How would you deal with T in a friendship group?

1000 replies

FourSevenTwo · 25/01/2026 21:46

How would you deal with T people around you? In general and in my situation?

The main question:
A male in a friendship group decided to go full TW, starting hormones and so on, changing name to the women's form and coming out with pronouns.

Unfortunately, our language is heavily gendered*. For example, instead of Hi Alex, you would say Hi Alexi for a man and Hi Alexo for a woman.
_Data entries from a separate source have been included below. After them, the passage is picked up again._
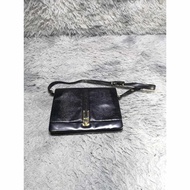 Black leather Turn Lock Baguette Bag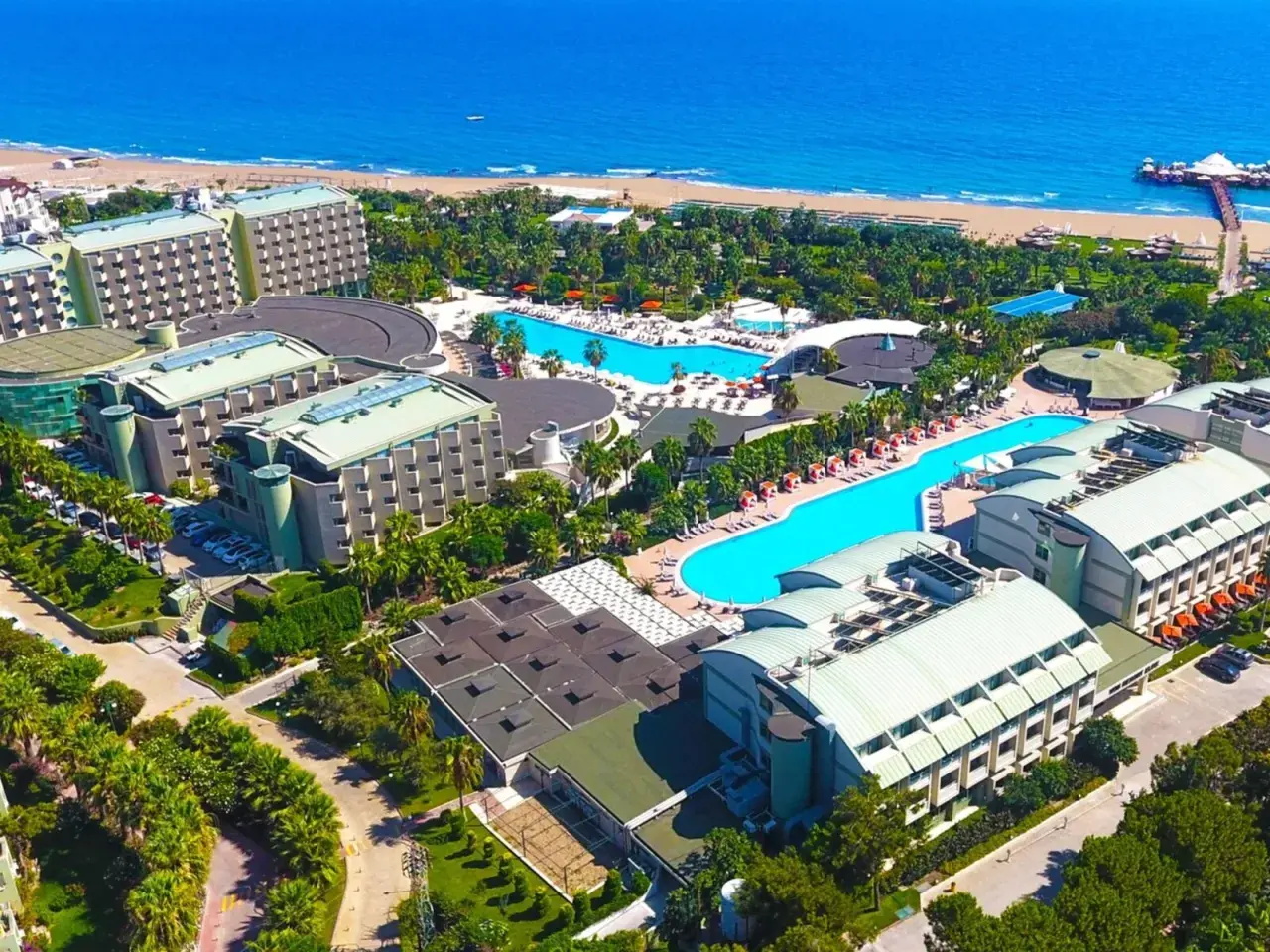 Luftaufnahme des von Resort Golden Coast, mit mehreren Gebäuden, Pools und dem Meer im Hintergrund.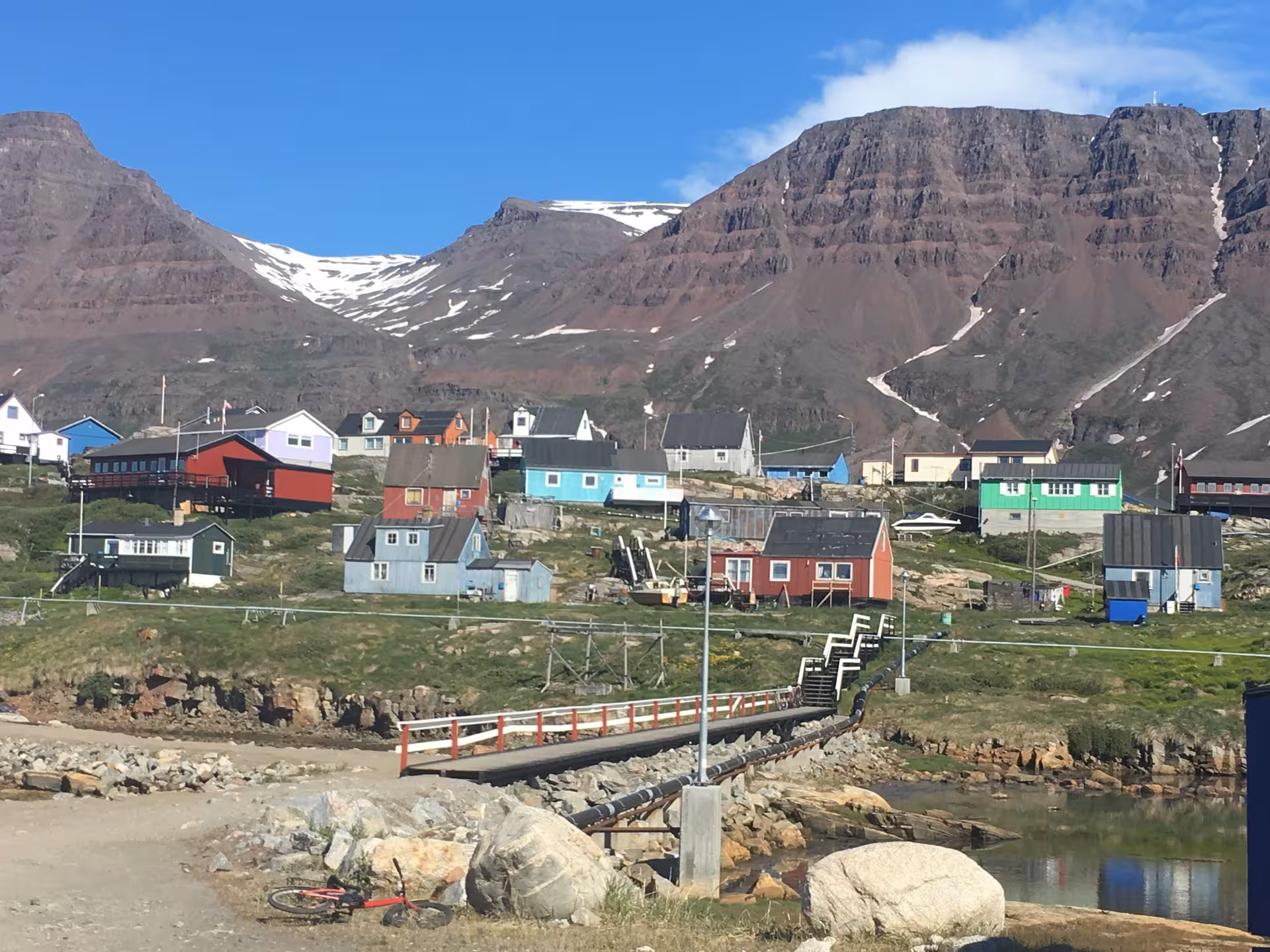 Colorful houses nestled in the scenic mountains of West Greenland, showcasing traditional Greenlandic village life.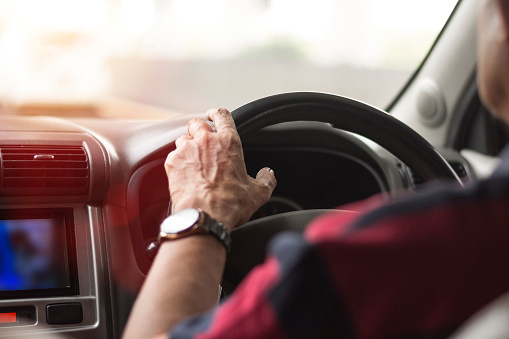 close-up of an adult man's hand holding the steering wheel of a car while driving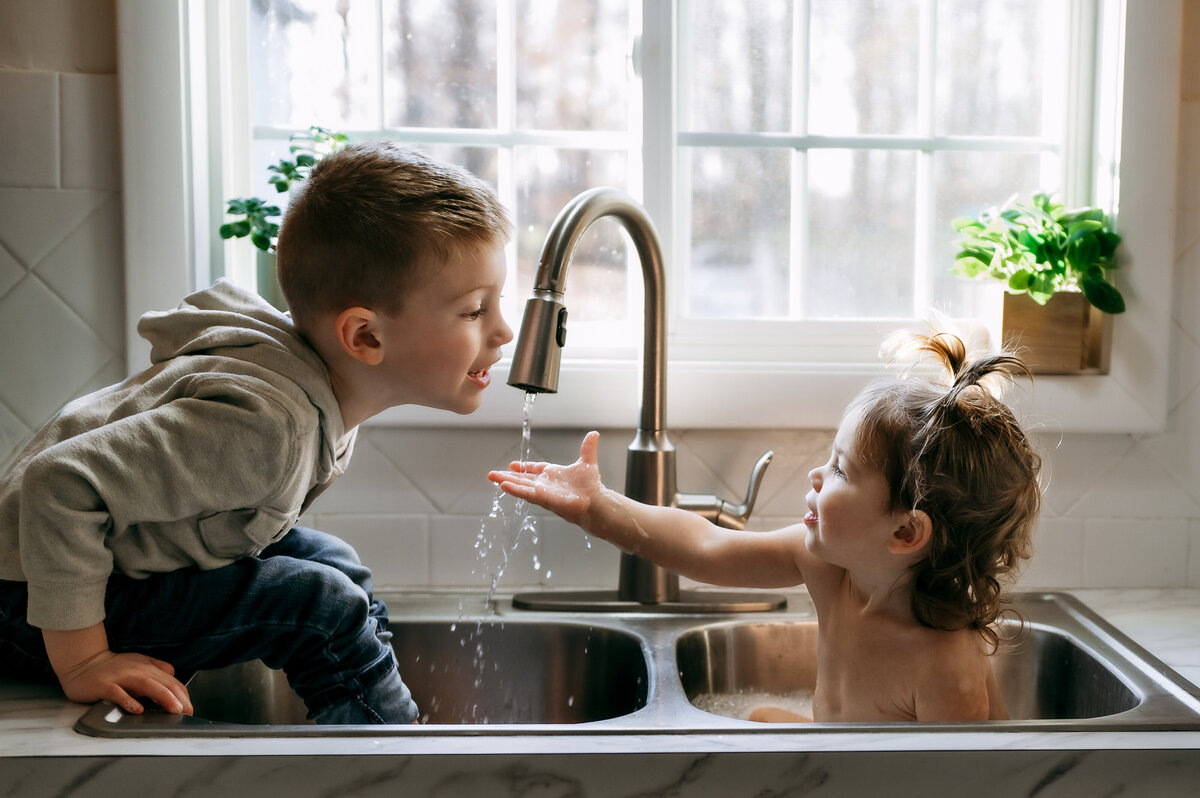 Two young brothers playing in the kitchen sink during an in-home photo session, warm natural light coming through the window, candid and cozy family moment.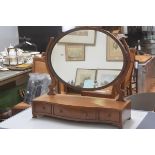 An Edwardian mahogany swing mirror, the oval mirror raised on scroll end supports, with serpentine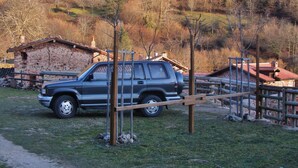 Une cabane rustique aux murs en pierre et au toit recouvert de tuiles rouges, entourée d’une clôture en bois et avec un VUS garé à proximité.
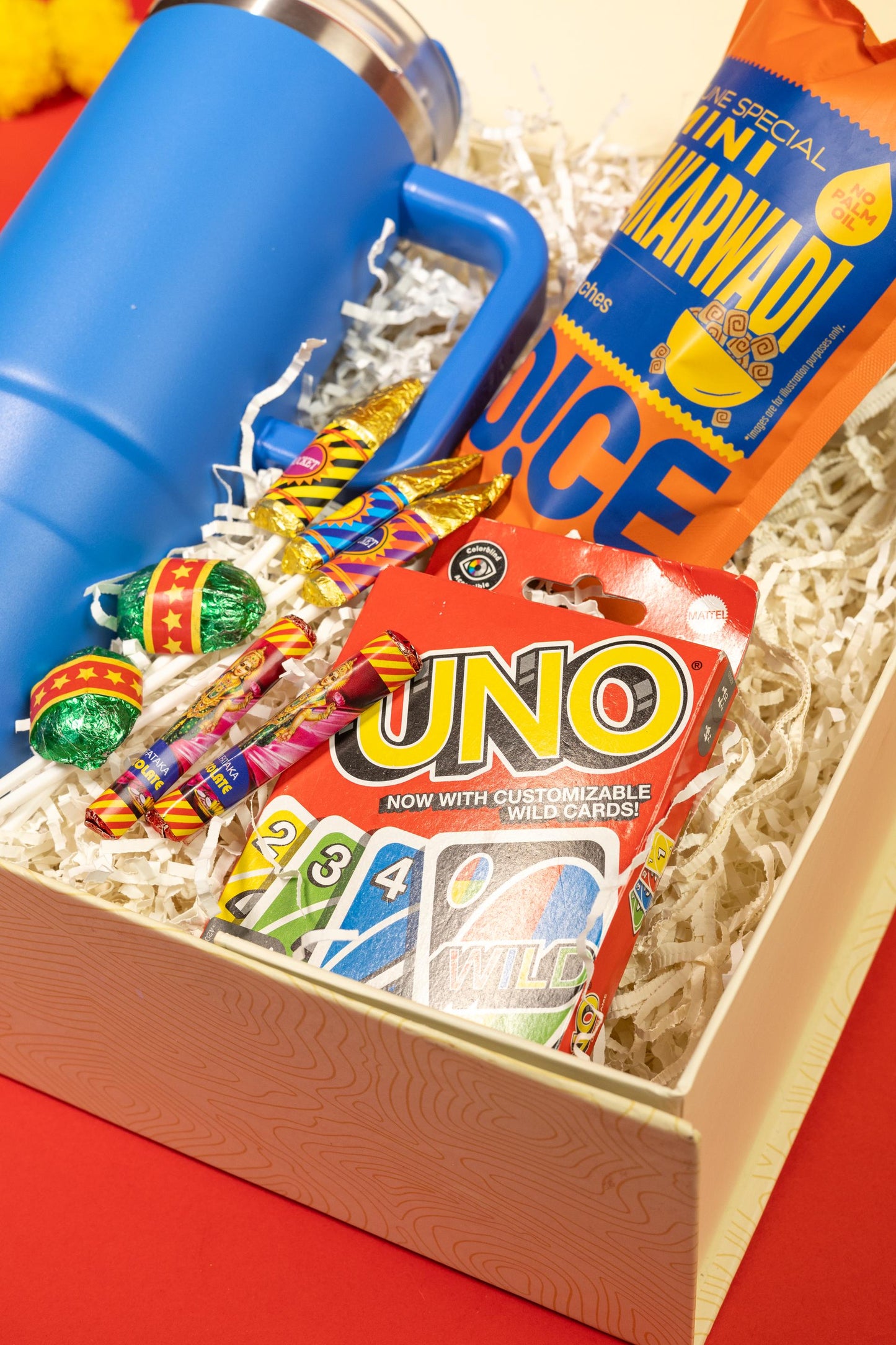 Festive Fusion Hamper with Tumbler, Snacks, Chocolates, and Game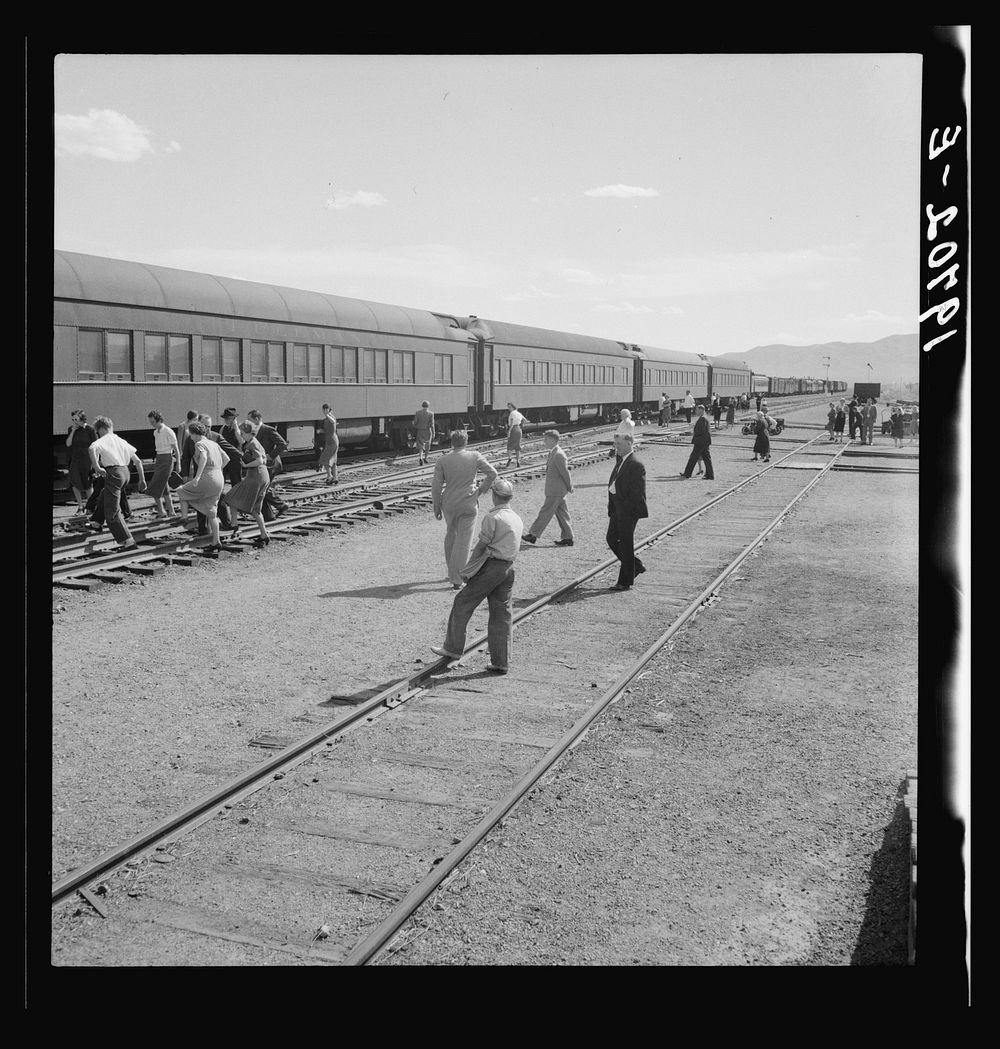 Railroad yards, Kearney, Nebraska. Overland train passengers go back to their cars after ten minute train stop on trip…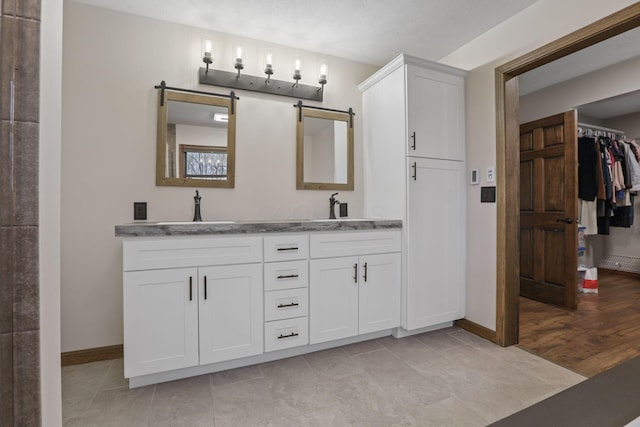 bathroom with baseboards, tile patterned floors, a sink, and double vanity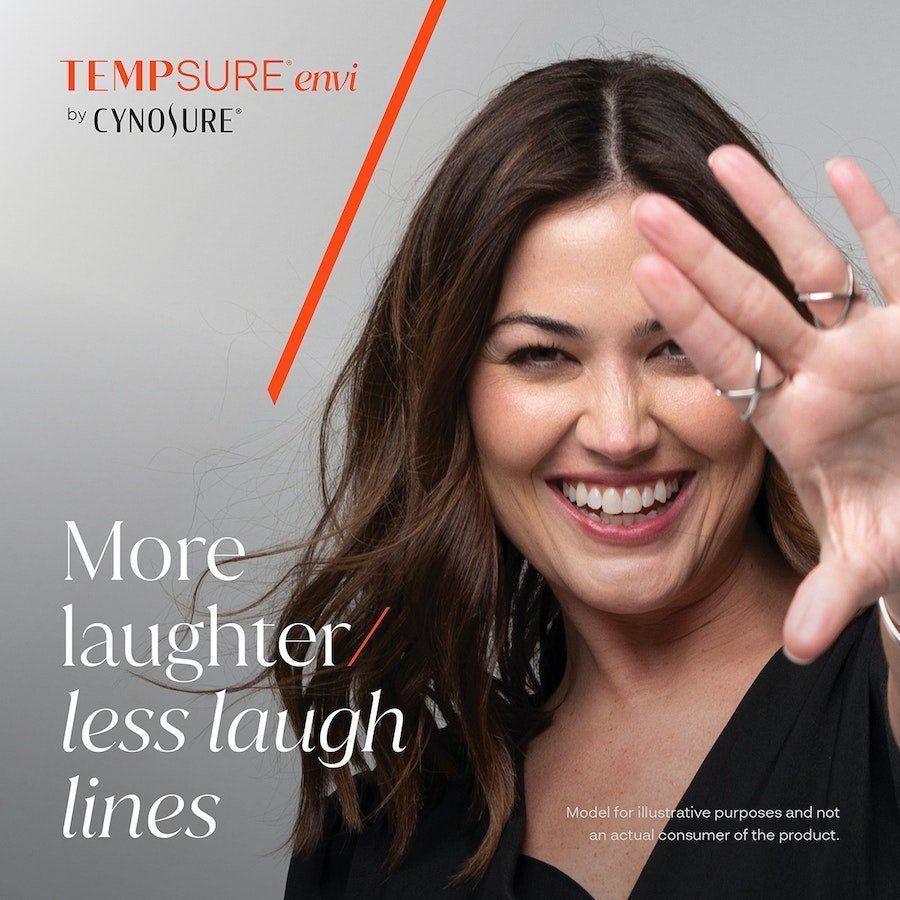 A woman is smiling and covering her face with her hand.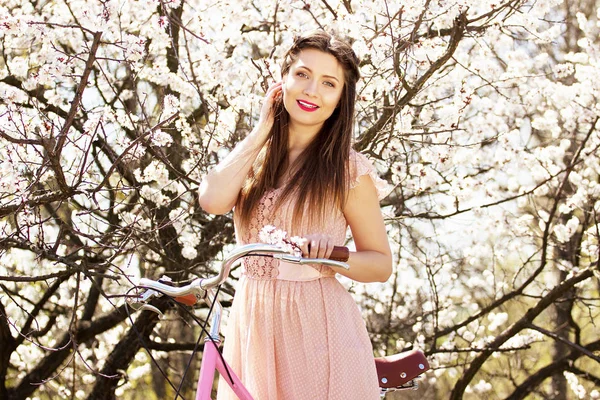 Retrato de beleza da menina macia, atraente e jovem de cabelos longos em vestido rosa de pé com bicicleta retro no fundo da flor . — Fotografia de Stock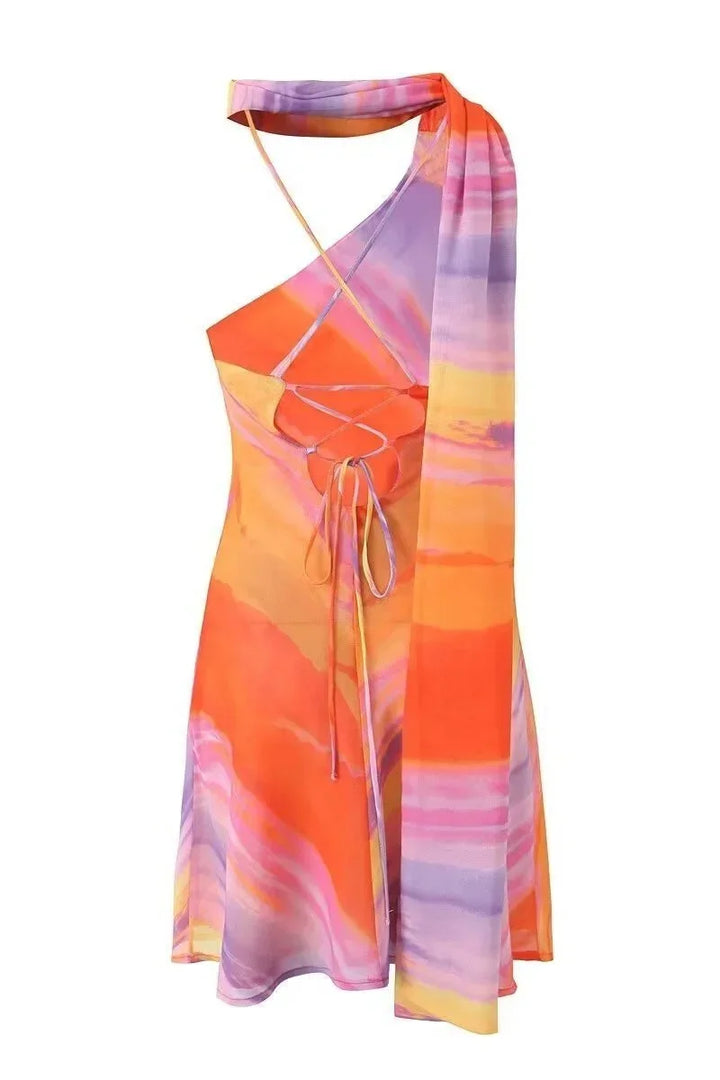 Detailed shot of halter neckline and strap on women's abstract mini dress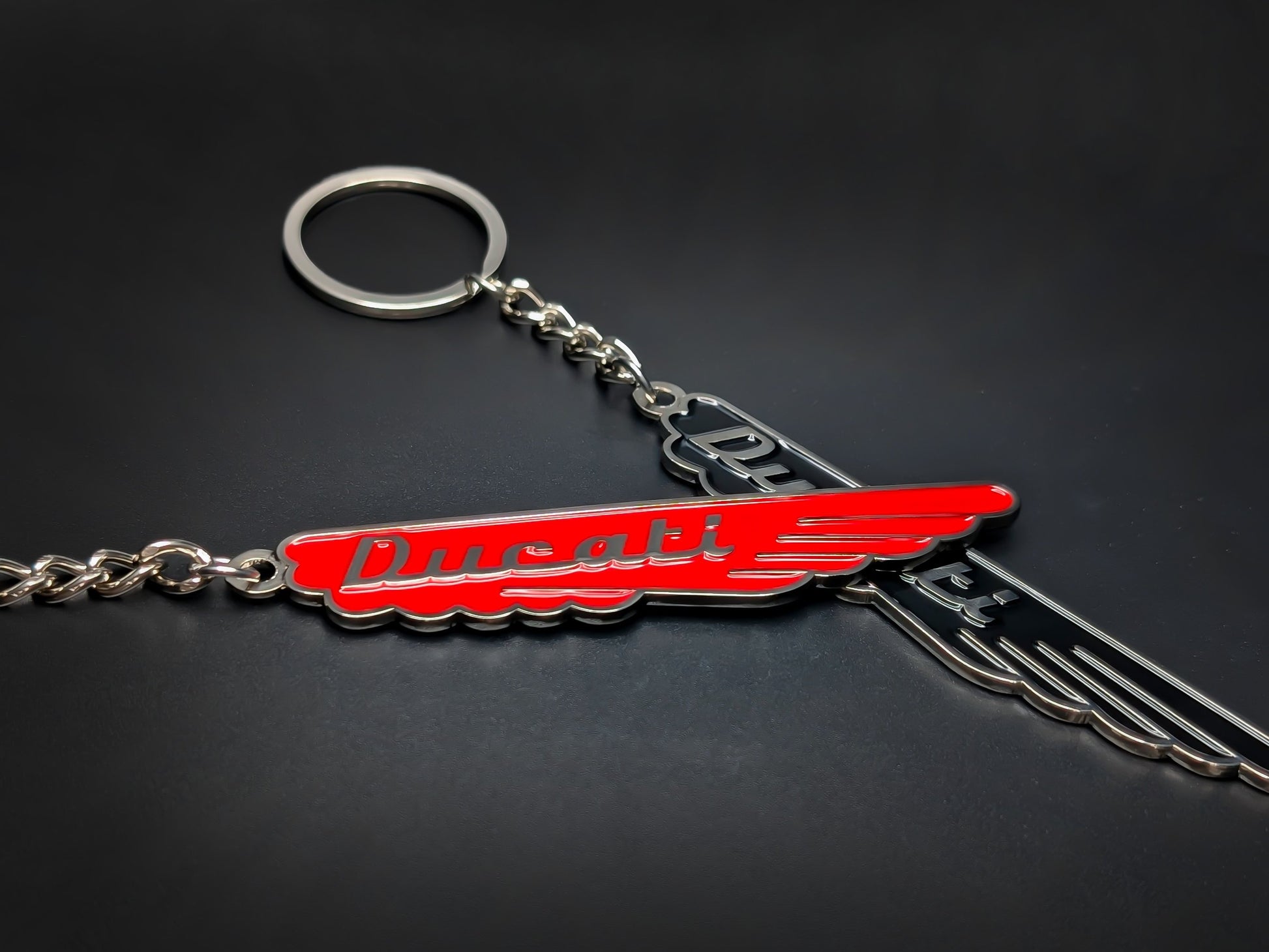 Red and black Ducati wings metal keychain with classic script.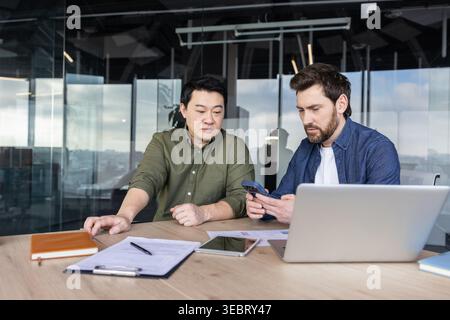 Two diverse business professionals are collaborating in a modern office, one showing content on his smartphone to the other, actively discussing start Stock Photo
If you want to say anything in past tense, like Where were you yesterday, you have to use men's or women's form for were.
This means it is not really possible to ignore it in direct interaction.

I'm not willing to pretend through language that I see him as a woman. I don't and won't. But I don't insist on calling him him. There are some not great alternatives (it, plural - with it's own verb forms, switching to English), but they are all very noticeable.

I'd like to find a solution for our coexistence in this friendship group. I'm not asking about a language solution here, more about an approach.

I'm considering

  1. reaching him with a message, saying I've heard the news, and I can't affirm, but, I'd like to keep things civil, so is there some alternative we can agree on?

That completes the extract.